* [Problem to work on]: The full set of entries below should be transcribed exactly.

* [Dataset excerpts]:
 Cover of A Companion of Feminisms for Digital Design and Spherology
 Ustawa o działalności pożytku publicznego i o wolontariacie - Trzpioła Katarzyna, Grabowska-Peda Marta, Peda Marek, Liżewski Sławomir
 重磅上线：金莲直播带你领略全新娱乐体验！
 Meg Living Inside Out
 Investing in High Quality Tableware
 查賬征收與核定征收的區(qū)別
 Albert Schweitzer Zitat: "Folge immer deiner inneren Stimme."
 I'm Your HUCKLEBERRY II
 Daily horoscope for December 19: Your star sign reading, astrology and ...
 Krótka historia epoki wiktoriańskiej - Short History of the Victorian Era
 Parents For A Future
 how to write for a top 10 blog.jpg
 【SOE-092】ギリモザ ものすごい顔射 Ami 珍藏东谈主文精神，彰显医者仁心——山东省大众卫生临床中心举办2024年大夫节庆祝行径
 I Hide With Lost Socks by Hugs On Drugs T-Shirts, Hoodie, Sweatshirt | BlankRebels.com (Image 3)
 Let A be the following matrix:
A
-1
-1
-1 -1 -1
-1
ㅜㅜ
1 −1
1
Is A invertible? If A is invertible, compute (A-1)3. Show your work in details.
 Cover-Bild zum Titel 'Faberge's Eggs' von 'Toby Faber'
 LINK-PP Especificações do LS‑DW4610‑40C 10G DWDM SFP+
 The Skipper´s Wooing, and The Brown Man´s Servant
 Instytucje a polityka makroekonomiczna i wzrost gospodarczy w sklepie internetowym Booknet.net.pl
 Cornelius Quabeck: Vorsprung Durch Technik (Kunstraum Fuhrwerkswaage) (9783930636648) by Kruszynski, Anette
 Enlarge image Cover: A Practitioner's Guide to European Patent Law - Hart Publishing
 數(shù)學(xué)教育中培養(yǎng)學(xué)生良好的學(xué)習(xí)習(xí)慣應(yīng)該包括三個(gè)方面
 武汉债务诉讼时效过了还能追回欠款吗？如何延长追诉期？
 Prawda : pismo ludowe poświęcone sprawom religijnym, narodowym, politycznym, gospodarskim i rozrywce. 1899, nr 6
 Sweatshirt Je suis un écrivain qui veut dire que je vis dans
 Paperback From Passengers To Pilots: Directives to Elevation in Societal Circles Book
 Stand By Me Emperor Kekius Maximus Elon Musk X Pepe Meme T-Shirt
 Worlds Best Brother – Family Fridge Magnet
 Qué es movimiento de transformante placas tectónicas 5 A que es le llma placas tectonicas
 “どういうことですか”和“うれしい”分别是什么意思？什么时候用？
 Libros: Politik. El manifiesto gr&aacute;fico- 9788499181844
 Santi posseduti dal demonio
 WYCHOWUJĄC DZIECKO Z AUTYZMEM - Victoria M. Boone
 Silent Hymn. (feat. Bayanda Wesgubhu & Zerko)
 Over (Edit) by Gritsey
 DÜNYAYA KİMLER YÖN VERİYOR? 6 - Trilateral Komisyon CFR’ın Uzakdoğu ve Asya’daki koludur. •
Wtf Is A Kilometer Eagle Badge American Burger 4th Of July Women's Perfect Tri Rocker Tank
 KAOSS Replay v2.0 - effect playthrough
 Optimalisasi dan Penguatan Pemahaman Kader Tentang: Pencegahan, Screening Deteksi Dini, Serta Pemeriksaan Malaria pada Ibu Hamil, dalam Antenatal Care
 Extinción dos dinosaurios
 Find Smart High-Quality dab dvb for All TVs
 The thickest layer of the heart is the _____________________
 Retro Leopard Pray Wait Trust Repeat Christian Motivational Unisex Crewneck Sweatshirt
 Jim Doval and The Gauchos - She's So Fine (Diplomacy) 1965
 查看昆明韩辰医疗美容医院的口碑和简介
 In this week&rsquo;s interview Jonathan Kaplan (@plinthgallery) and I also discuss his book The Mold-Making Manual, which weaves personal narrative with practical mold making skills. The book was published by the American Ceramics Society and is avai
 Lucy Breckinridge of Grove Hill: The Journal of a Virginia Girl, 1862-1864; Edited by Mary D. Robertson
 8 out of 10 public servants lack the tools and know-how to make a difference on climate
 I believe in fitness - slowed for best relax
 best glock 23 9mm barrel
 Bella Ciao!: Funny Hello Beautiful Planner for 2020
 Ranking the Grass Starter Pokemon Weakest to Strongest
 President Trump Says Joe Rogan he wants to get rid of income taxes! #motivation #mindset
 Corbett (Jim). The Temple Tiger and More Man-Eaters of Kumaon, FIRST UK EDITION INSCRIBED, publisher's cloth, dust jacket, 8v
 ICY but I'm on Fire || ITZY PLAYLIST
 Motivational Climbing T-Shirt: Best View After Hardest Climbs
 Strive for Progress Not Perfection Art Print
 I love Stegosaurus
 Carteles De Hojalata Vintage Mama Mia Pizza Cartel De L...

* [Task response]:
 Cover of A Companion of Feminisms for Digital Design and Spherology
 Ustawa o działalności pożytku publicznego i o wolontariacie - Trzpioła Katarzyna, Grabowska-Peda Marta, Peda Marek, Liżewski Sławomir
 重磅上线：金莲直播带你领略全新娱乐体验！
 Meg Living Inside Out
 Investing in High Quality Tableware
 查賬征收與核定征收的區(qū)別
 Albert Schweitzer Zitat: "Folge immer deiner inneren Stimme."
 I'm Your HUCKLEBERRY II
 Daily horoscope for December 19: Your star sign reading, astrology and ...
 Krótka historia epoki wiktoriańskiej - Short History of the Victorian Era
 Parents For A Future
 how to write for a top 10 blog.jpg
 【SOE-092】ギリモザ ものすごい顔射 Ami 珍藏东谈主文精神，彰显医者仁心——山东省大众卫生临床中心举办2024年大夫节庆祝行径
 I Hide With Lost Socks by Hugs On Drugs T-Shirts, Hoodie, Sweatshirt | BlankRebels.com (Image 3)
 Let A be the following matrix:
A
-1
-1
-1 -1 -1
-1
ㅜㅜ
1 −1
1
Is A invertible? If A is invertible, compute (A-1)3. Show your work in details.
 Cover-Bild zum Titel 'Faberge's Eggs' von 'Toby Faber'
 LINK-PP Especificações do LS‑DW4610‑40C 10G DWDM SFP+
 The Skipper´s Wooing, and The Brown Man´s Servant
 Instytucje a polityka makroekonomiczna i wzrost gospodarczy w sklepie internetowym Booknet.net.pl
 Cornelius Quabeck: Vorsprung Durch Technik (Kunstraum Fuhrwerkswaage) (9783930636648) by Kruszynski, Anette
 Enlarge image Cover: A Practitioner's Guide to European Patent Law - Hart Publishing
 數(shù)學(xué)教育中培養(yǎng)學(xué)生良好的學(xué)習(xí)習(xí)慣應(yīng)該包括三個(gè)方面
 武汉债务诉讼时效过了还能追回欠款吗？如何延长追诉期？
 Prawda : pismo ludowe poświęcone sprawom religijnym, narodowym, politycznym, gospodarskim i rozrywce. 1899, nr 6
 Sweatshirt Je suis un écrivain qui veut dire que je vis dans
 Paperback From Passengers To Pilots: Directives to Elevation in Societal Circles Book
 Stand By Me Emperor Kekius Maximus Elon Musk X Pepe Meme T-Shirt
 Worlds Best Brother – Family Fridge Magnet
 Qué es movimiento de transformante placas tectónicas 5 A que es le llma placas tectonicas
 “どういうことですか”和“うれしい”分别是什么意思？什么时候用？
 Libros: Politik. El manifiesto gr&aacute;fico- 9788499181844
 Santi posseduti dal demonio
 WYCHOWUJĄC DZIECKO Z AUTYZMEM - Victoria M. Boone
 Silent Hymn. (feat. Bayanda Wesgubhu & Zerko)
 Over (Edit) by Gritsey
 DÜNYAYA KİMLER YÖN VERİYOR? 6 - Trilateral Komisyon CFR’ın Uzakdoğu ve Asya’daki koludur. •
Wtf Is A Kilometer Eagle Badge American Burger 4th Of July Women's Perfect Tri Rocker Tank
 KAOSS Replay v2.0 - effect playthrough
 Optimalisasi dan Penguatan Pemahaman Kader Tentang: Pencegahan, Screening Deteksi Dini, Serta Pemeriksaan Malaria pada Ibu Hamil, dalam Antenatal Care
 Extinción dos dinosaurios
 Find Smart High-Quality dab dvb for All TVs
 The thickest layer of the heart is the _____________________
 Retro Leopard Pray Wait Trust Repeat Christian Motivational Unisex Crewneck Sweatshirt
 Jim Doval and The Gauchos - She's So Fine (Diplomacy) 1965
 查看昆明韩辰医疗美容医院的口碑和简介
 In this week&rsquo;s interview Jonathan Kaplan (@plinthgallery) and I also discuss his book The Mold-Making Manual, which weaves personal narrative with practical mold making skills. The book was published by the American Ceramics Society and is avai
 Lucy Breckinridge of Grove Hill: The Journal of a Virginia Girl, 1862-1864; Edited by Mary D. Robertson
 8 out of 10 public servants lack the tools and know-how to make a difference on climate
 I believe in fitness - slowed for best relax
 best glock 23 9mm barrel
 Bella Ciao!: Funny Hello Beautiful Planner for 2020
 Ranking the Grass Starter Pokemon Weakest to Strongest
 President Trump Says Joe Rogan he wants to get rid of income taxes! #motivation #mindset
 Corbett (Jim). The Temple Tiger and More Man-Eaters of Kumaon, FIRST UK EDITION INSCRIBED, publisher's cloth, dust jacket, 8v
 ICY but I'm on Fire || ITZY PLAYLIST
 Motivational Climbing T-Shirt: Best View After Hardest Climbs
 Strive for Progress Not Perfection Art Print
 I love Stegosaurus
 Carteles De Hojalata Vintage Mama Mia Pizza Cartel De L...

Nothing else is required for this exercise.